神戸・リージョ新監督の特異な経歴と実績「日本代表監督を狙いたい」 (4ページ目)

  • 杉山茂樹●文 text by Sugiyama Shigeki photo by KYODO

「中国のクラブからいくつかオファーは来ていますが、私は日本の方が好きです。雇ってくれるクラブはないですか?」と、逆質問されたのは5年ほど前にインタビューしたときのことだった。その後、彼が渡ったのは南米(チリ、コロンビア)。日本行きはタイミング次第という感じだった。

 可能性がない話ではないことを知る身としては、今回の神戸入りに特段の驚きはないが、歓びの念は禁じ得ない。日本サッカー界にとって画期的なニュースであることは間違いないのである。

 なにより、耳を澄ますべきはその喋りだ。リージョに哲学を尋ねればこう答えた。

「ボール支配率にこだわるサッカーであり、ボールを中心とするサッカーだ」

 新鮮なのは、後半のフレーズだ。

 サッカーゲームは「ボール中心に回っている」という考え方。サッカー選手に求められている使命は「そのどちらに転ぶかわからないボールと共鳴しながらプレーすることだ」と言う。「守備、攻撃の勝手な解釈がサッカーを悪くしている原因だ」「マイボール時でも守備はできる。

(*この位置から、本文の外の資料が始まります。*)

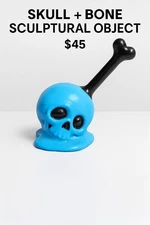 Glossy Sculptural Skull Art Object – Modern Desk or Shelf Decor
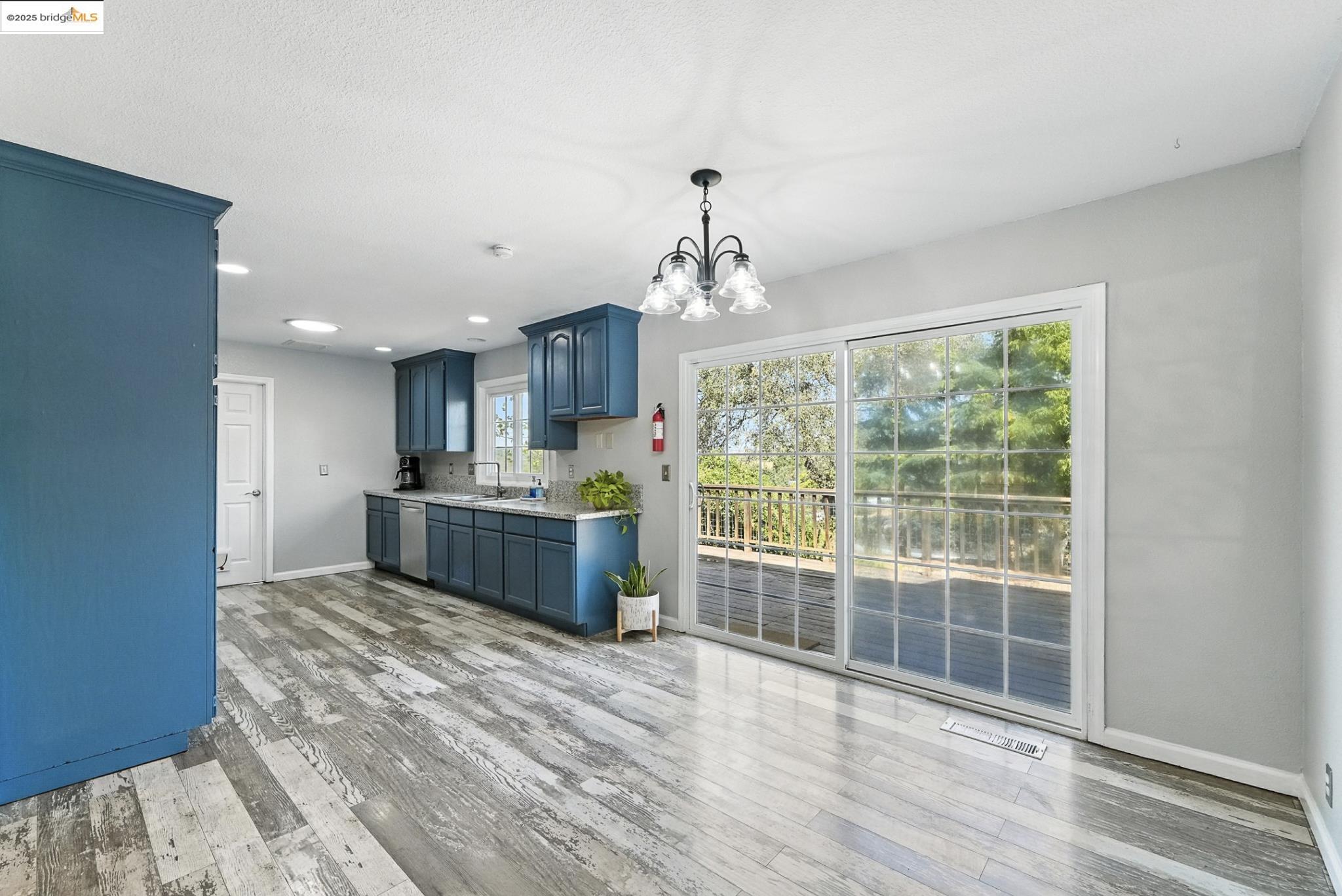 Detail Gallery Image 13 of 60 For 2422 Cheyenne Rd, Copperopolis,  CA 95228-9301 - 3 Beds | 2 Baths
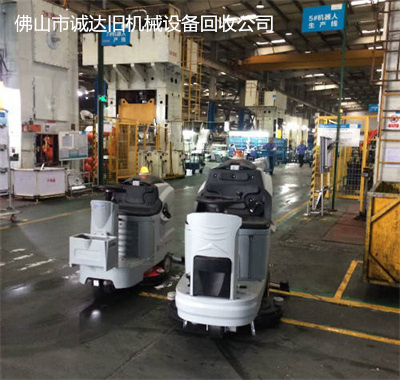 禅城四柱液压机回收旧四柱液压机 - 3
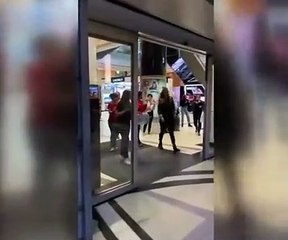 AVM çalışanları, evlerine gitmeyen müşterileri kovdu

相手ボール時でも攻撃はできる」とも。

 リージョの書斎には7000冊の蔵書があって、そのうちサッカー本は1500冊を占めるという。読書家であり研究家。古い試合のビデオ鑑賞にも余念がないそうだ。サッカーを歴史的に深く掘り下げることを忘れたくないのだという。

 その結果、異を唱えたくなったのが「いくらいいサッカーをしても勝たなければどうしようもない」という概念だという。「いいサッカーをした方が勝つ」「悪いサッカーをしたチームが勝つ保証はどこにもない」が、研究から得た結論だと胸を張った。